Disneyland Autopia: We drive the new Honda-powered cars

Gallery Disneyland Autopia Photo 8

6.5 hp never felt so thrilling

For millions of drivers around the world, the Disneyland Autopia was their first time behind the wheel of a more or less real “car.” Maybe it was your first time, too. Anyone who could reach the pedals could strap into one of the fiberglass-bodied, gasoline-powered two-seaters and haul keister at 6.5 mph around one of the four “scenic miniature motorways” that take up close to a third of the park.

Autopia was one of the original attractions when Walt Disney opened the doors to The Happiest Place on Earth on July 17, 1955, and it is still popular today. It’s even a featured attraction at Disneylands in Tokyo, Paris and Hong Kong. There is a fundamental and very strong desire among people around the world to drive a car, and that desire starts at a very young age.
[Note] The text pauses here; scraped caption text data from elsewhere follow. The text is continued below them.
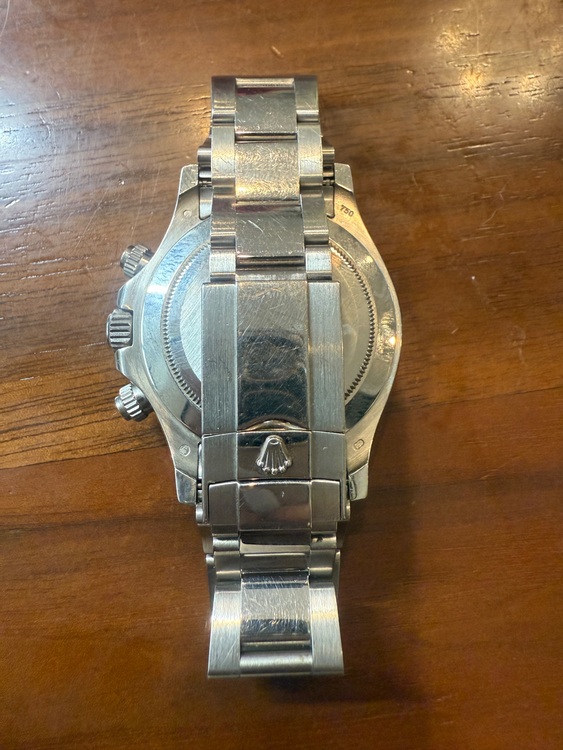 ロレックス デイトナ 116509（高級時計）の商品画像 - 査定依頼日：2025年10月14日 - 最高査定価格：7,680,000円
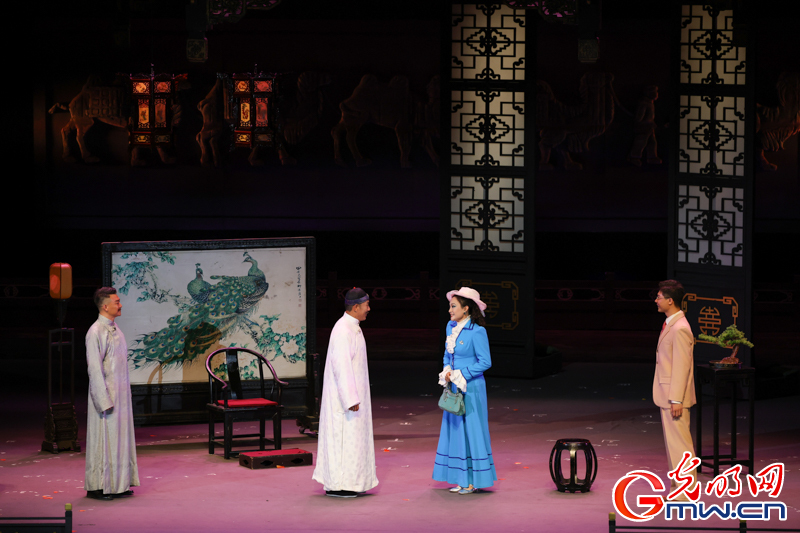 话剧《立秋》明星版在北京上演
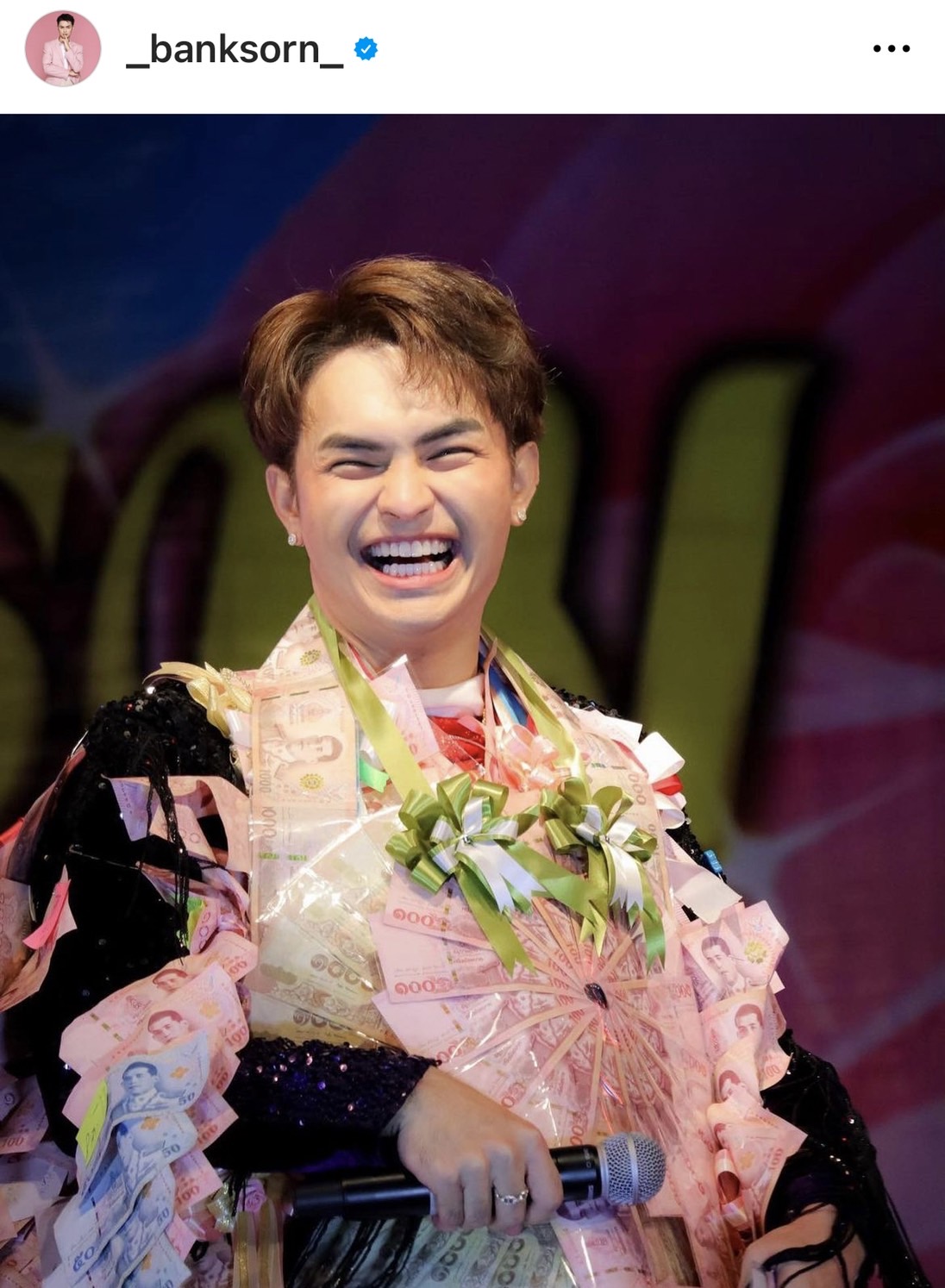 แบงค์ ศรราม  ขอบพระคุณ แม่ๆ จัดของขวัญวันเกิดสุดว้าว เป็นเค้กและพวงมาลัยธนบัตร 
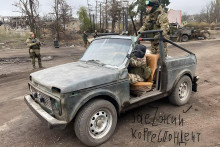 Donbaské kabriolety. Ruská armáda sa v bojoch o Pokrovsk musí čoraz viac spoliehať na prerobené civilné automobily. FOTO: Telegram, ButusovPlus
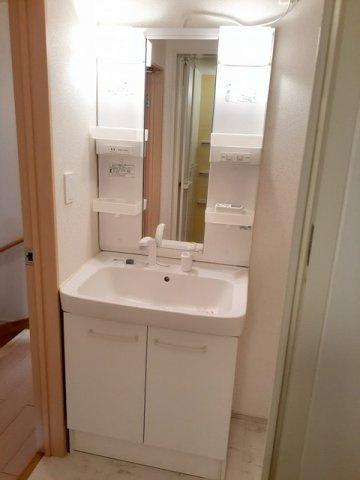 Ｃｏｔｔｉ南薫の洗面所|広い洗面スペースです★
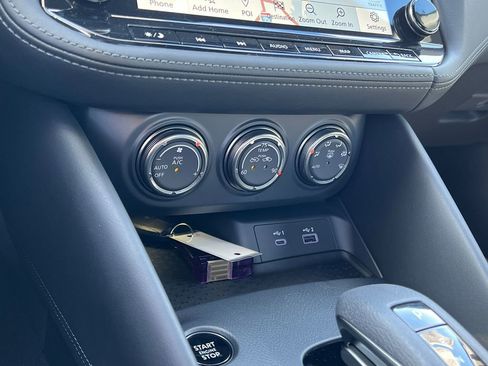 New 2026 Nissan Z Performance w/ Floor Mat Package RWD image 14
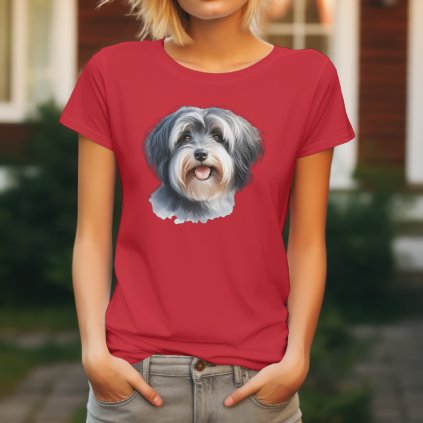 Dámské červené tričko s realistickým barevným potiskem hlavy Havanského psíka s vyplazeným jazykem.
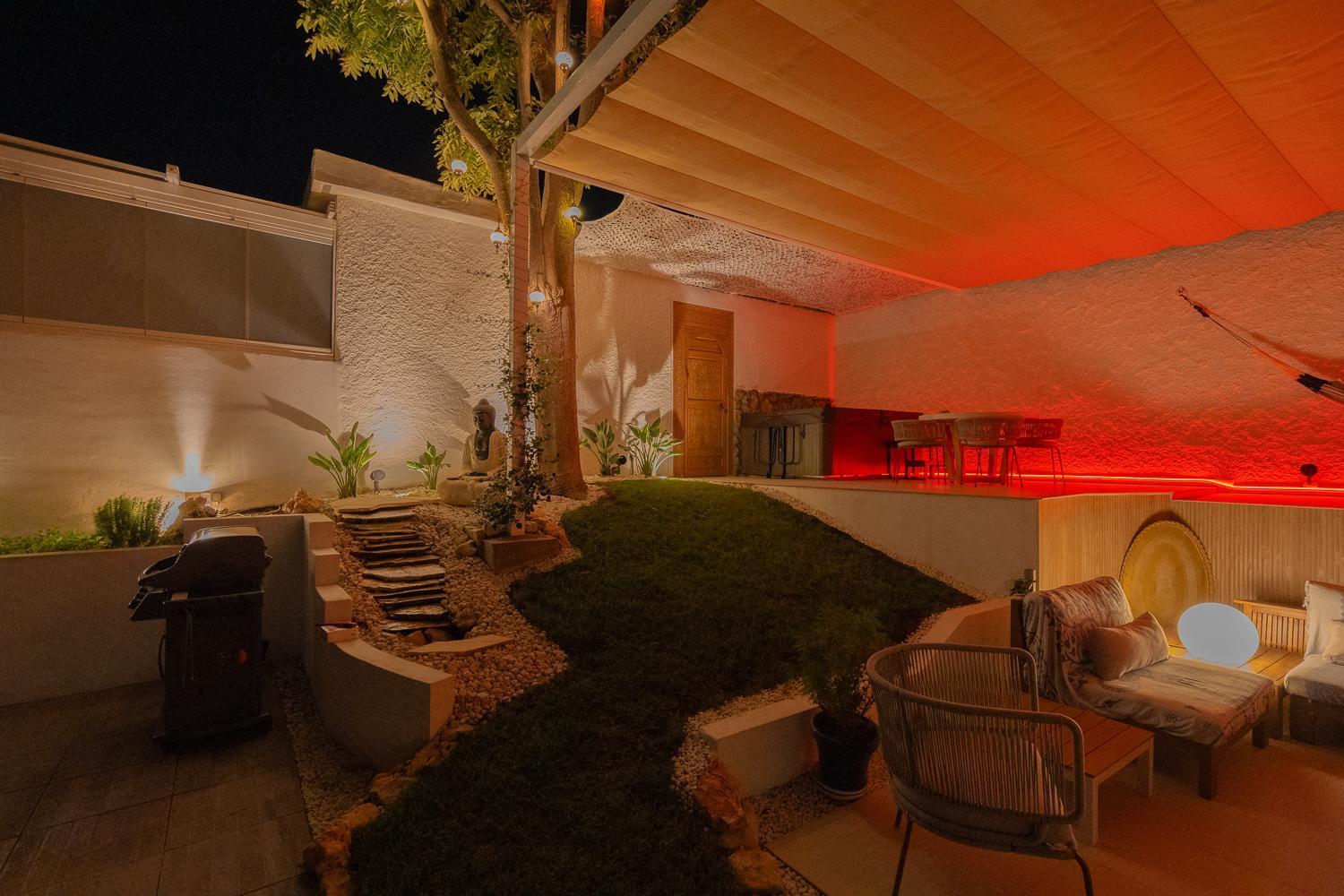 Private 250Sqm Garden Duplex, Jacuzzi, Cinema, Sea View Escape Διαμέρισμα Τορρεμολίνος Εξωτερικό φωτογραφία
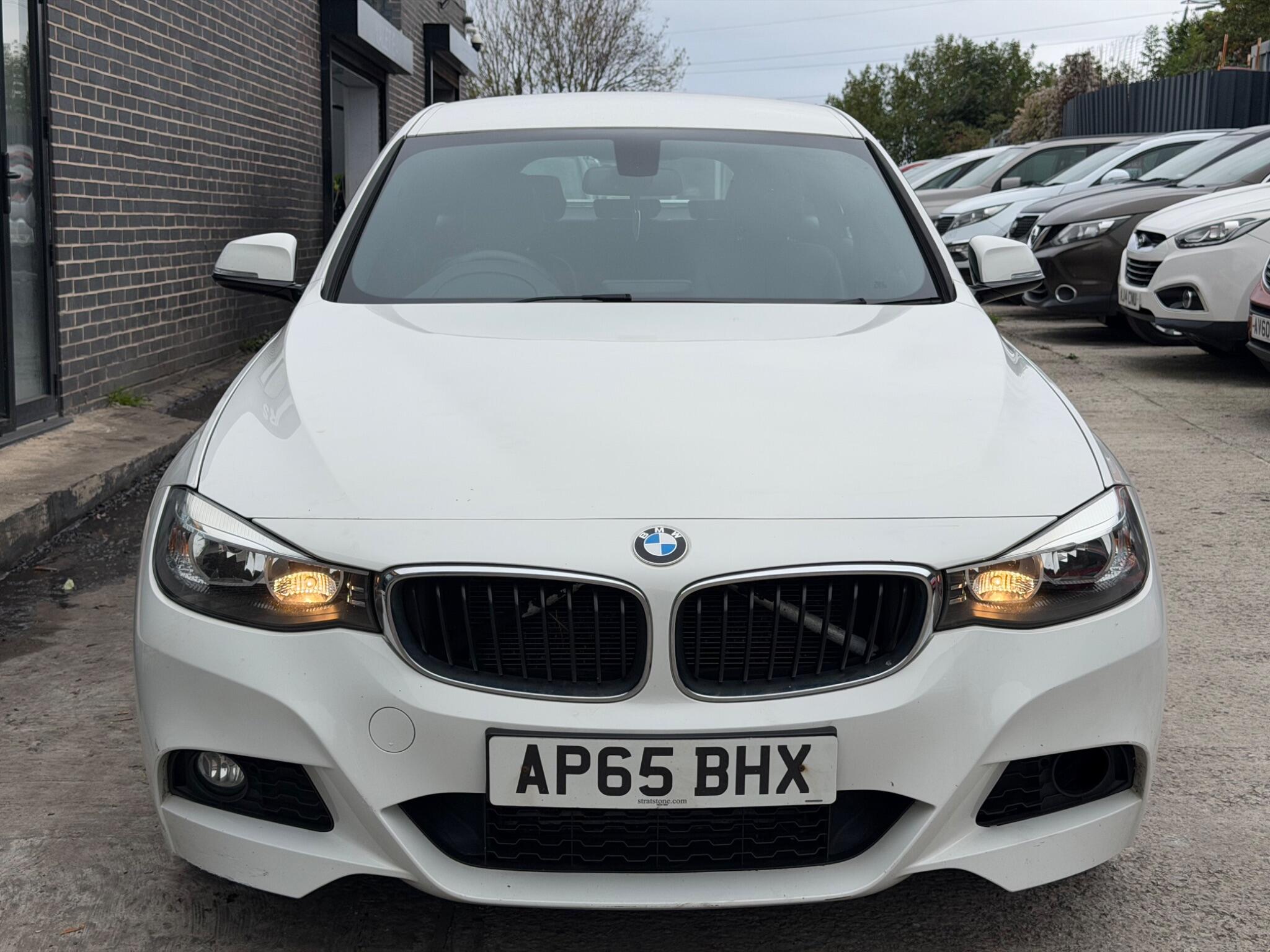 BMW 3 Series view 2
Now, after a five-month shutdown for refurbishment, the original Autopia at the original Disneyland is open once again, and we were among the first to experience it.

Ride sponsor Honda is financing the remodel. The process includes repainting all 96 Autopia cars in several different Honda colors, from Kona coffee metallic to white diamond pearl. There are also Honda badges front and rear on all the cars. New tires are part of the deal, too, as well as new engines. Gone are the old 286cc Kawasaki mills, replaced with Honda’s own iGX series of engines (remember, Honda makes everything from business jets to weed wackers, so a small engine is just another product in a big portfolio of mechanical wonders). The 270cc iGX270 makes 8.5 hp at 3,600 rpm and 14.1 lb-ft of torque at 2,500 revs. The new powerplants are no rattly lawn mower polluters from the ‘50s, either: They include everything from variable-timing digital CDI ignition to CARB and EPA certification. Honda says the engine is “…one of the best in the business. More power. Quieter performance. Lower fuel consumption. Lower emissions. Better features. Exceptional performance. Honda’s GX series lives up to the legend, and then some.”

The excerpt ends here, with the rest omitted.